# Data provided
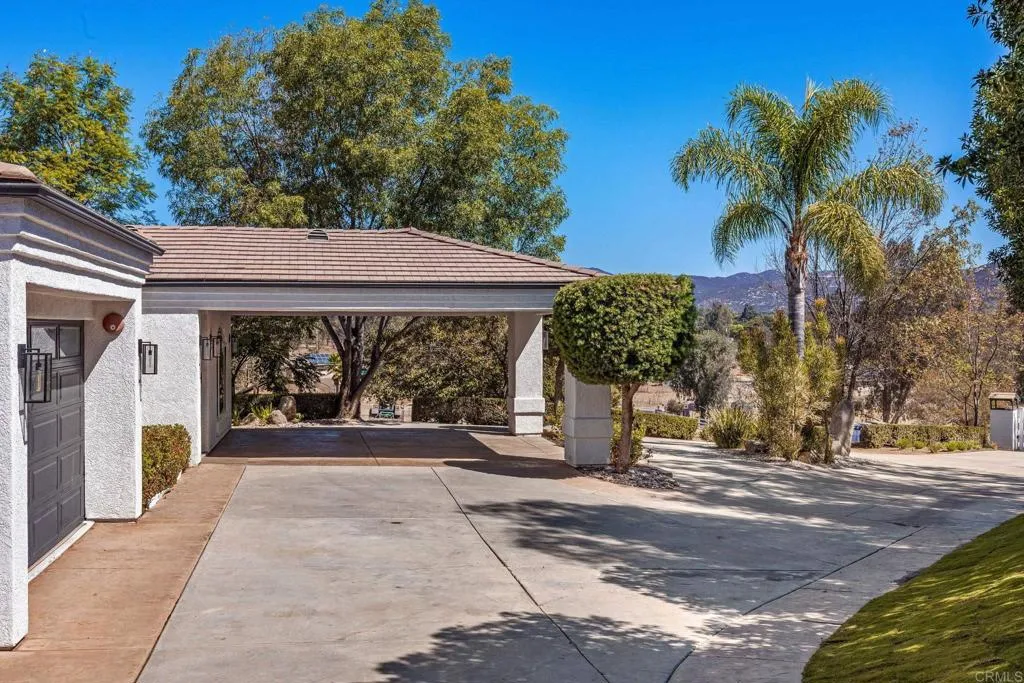 https://cdn.realtyfeed.com/cdn/127/307082574/4e20b3e5abdf253247c6c24ae0b29bbb.webp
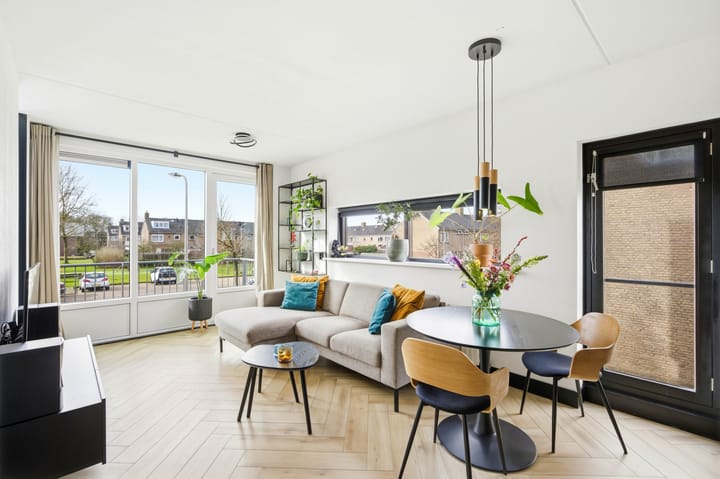 Photo 1 of Du Perronlaan 62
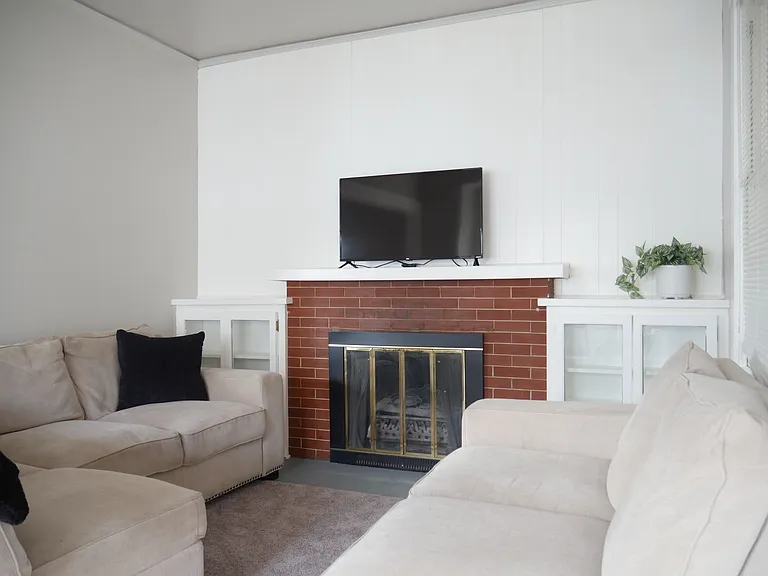 2 bed, 1.0 bath, 1024 sqft, $2,000 — Photo 17
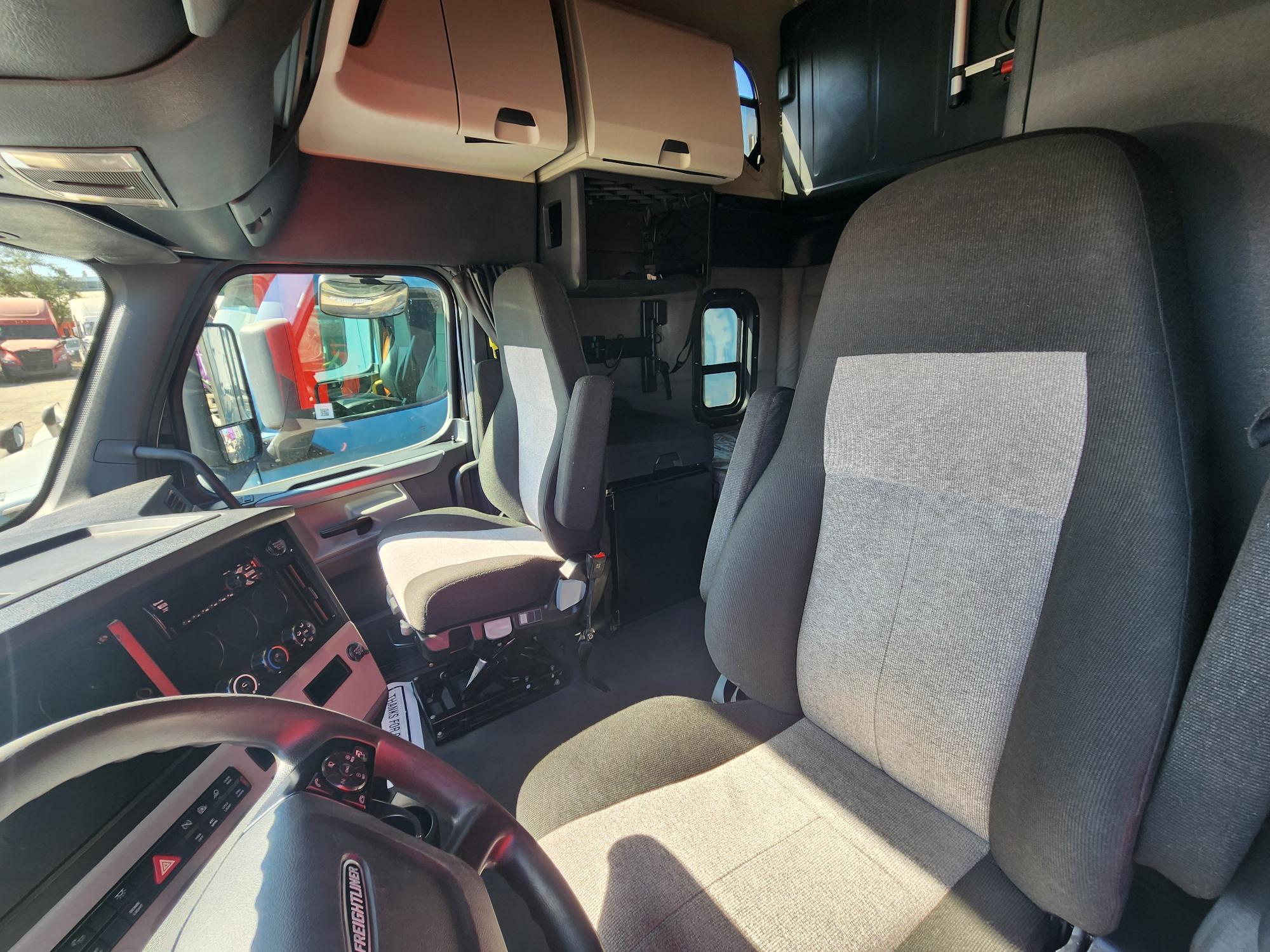 2020 FREIGHTLINER CASCADIA 126SLP - image 17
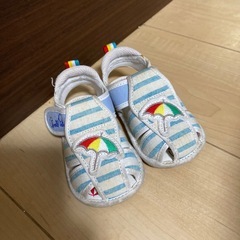 ベビーサンダル

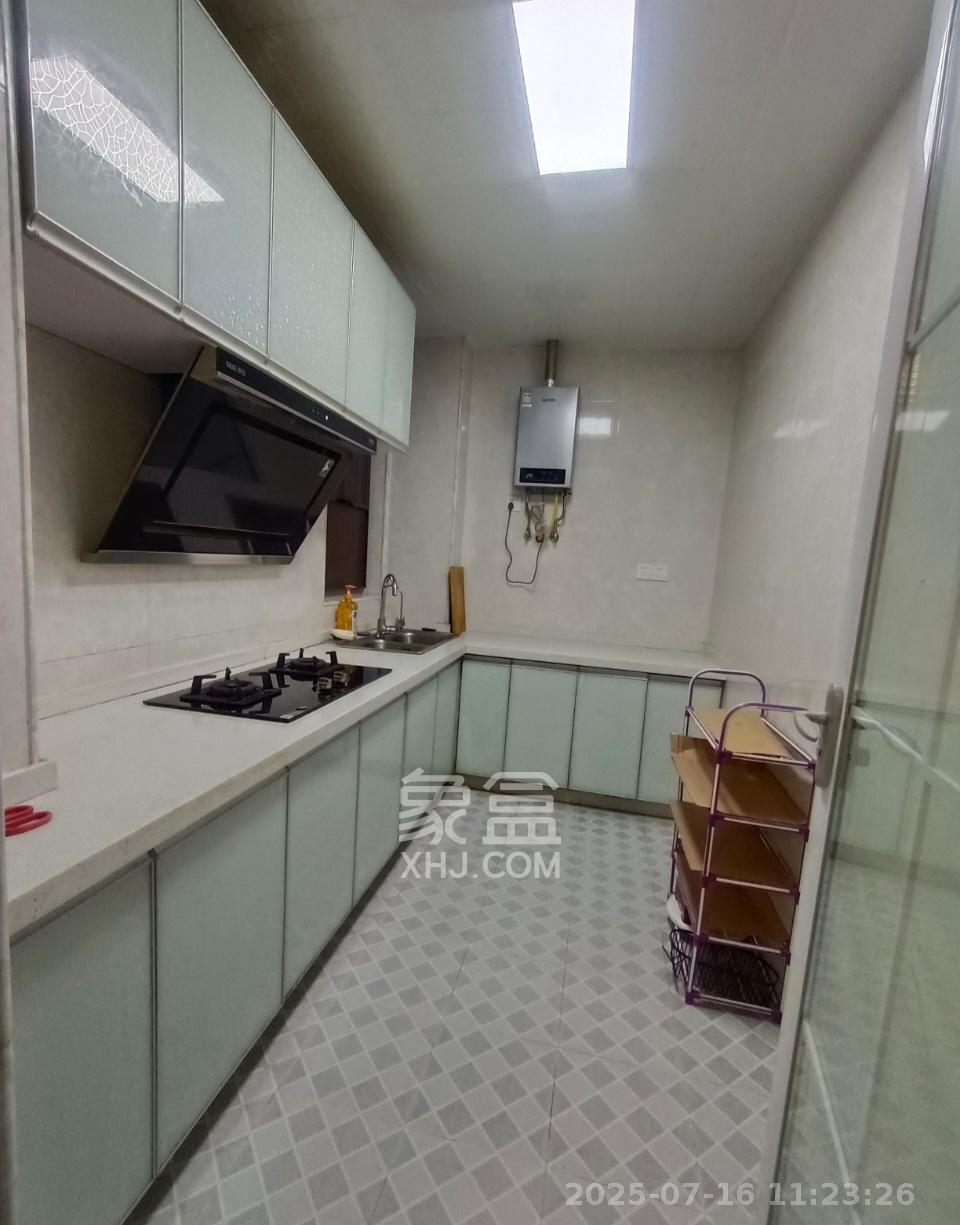 怡海星城 2室2厅1卫 1600.0元/月 怡海星城 2室2厅1卫 1600.0元/月室内图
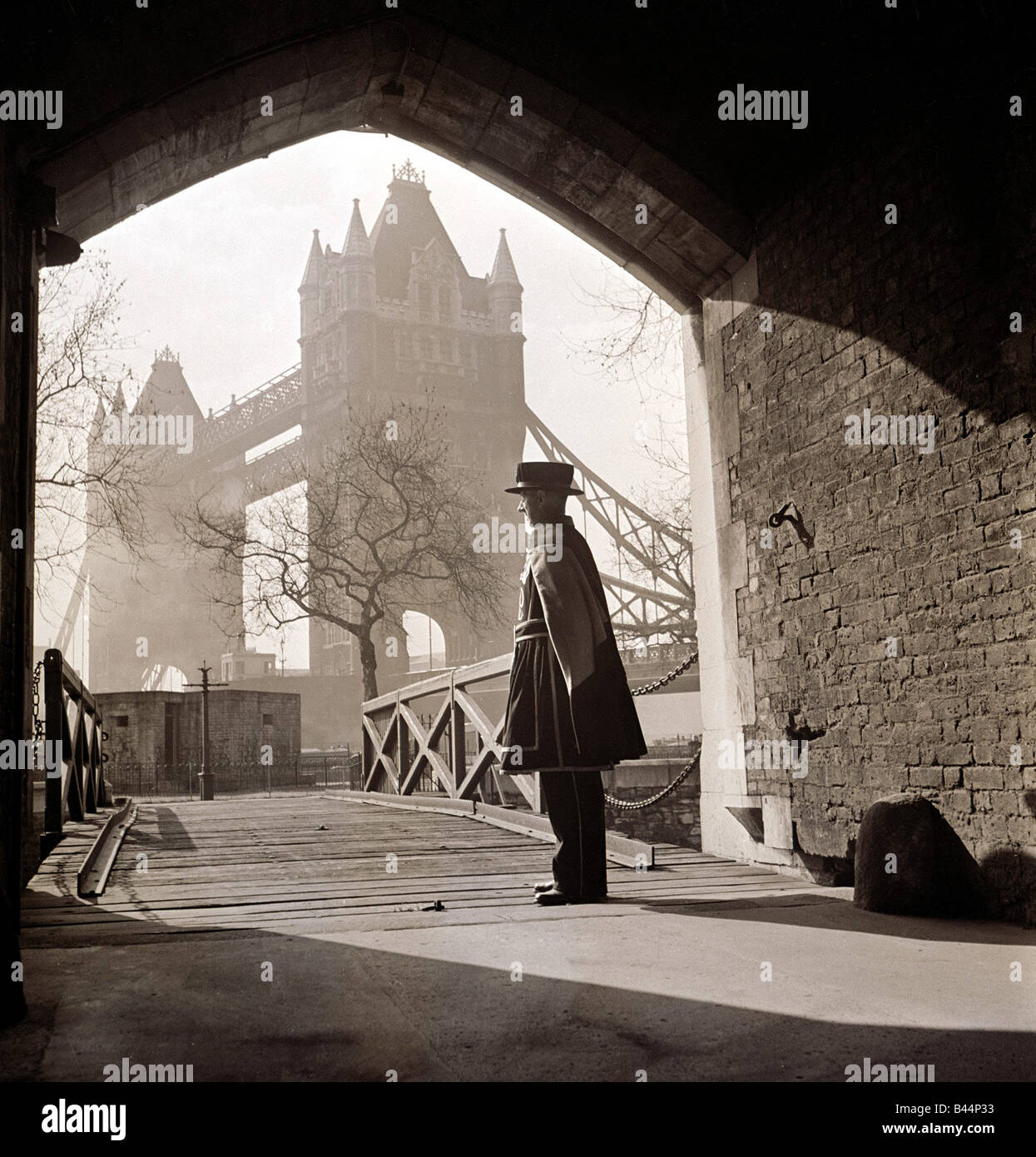 A beefeater guards the entrance to the Tower of London circa 1950s Stock Photo
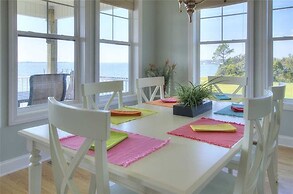 Dolphin Lookout 4 Bedroom Home by RedAwning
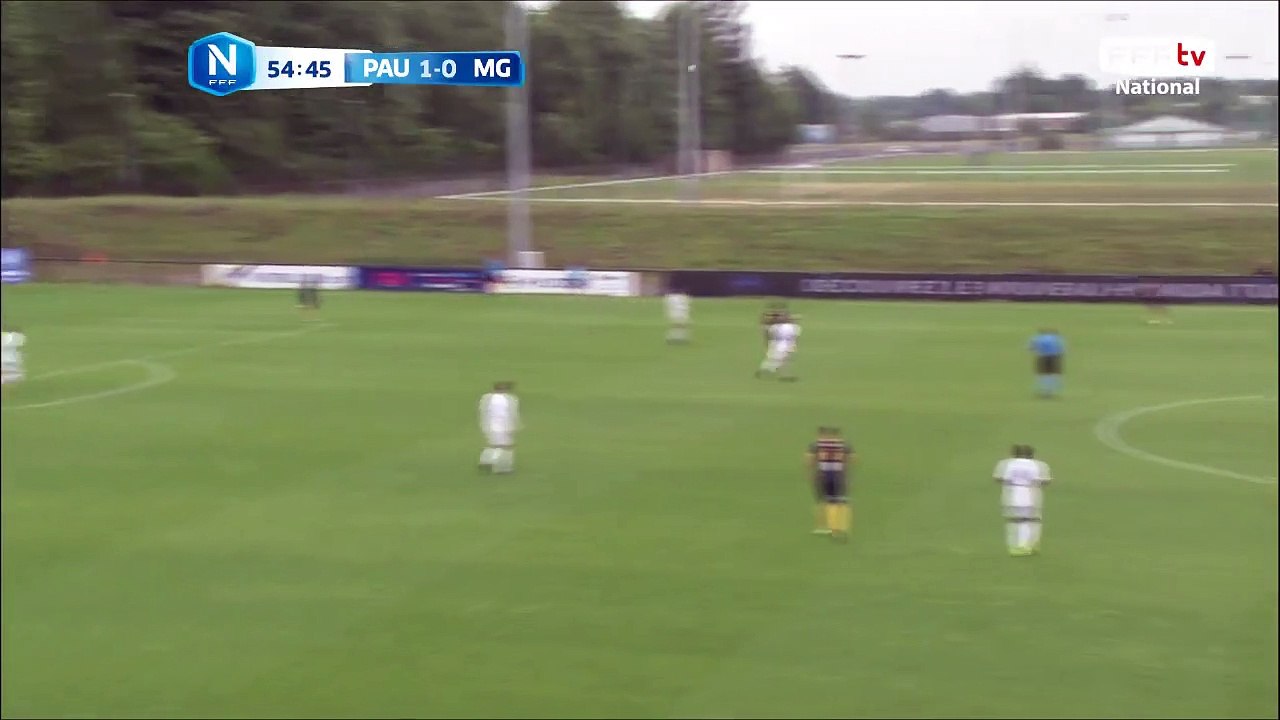 La frappe de JARJU passe au dessus.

# Assigned task
Pictures are to be left out when the lines from the one containing "A beefeater guards" through the end of the records above are repeated exactly; no other line is wanted.

# Written answer
 A beefeater guards the entrance to the Tower of London circa 1950s Stock Photo
 Dolphin Lookout 4 Bedroom Home by RedAwning
 La frappe de JARJU passe au dessus.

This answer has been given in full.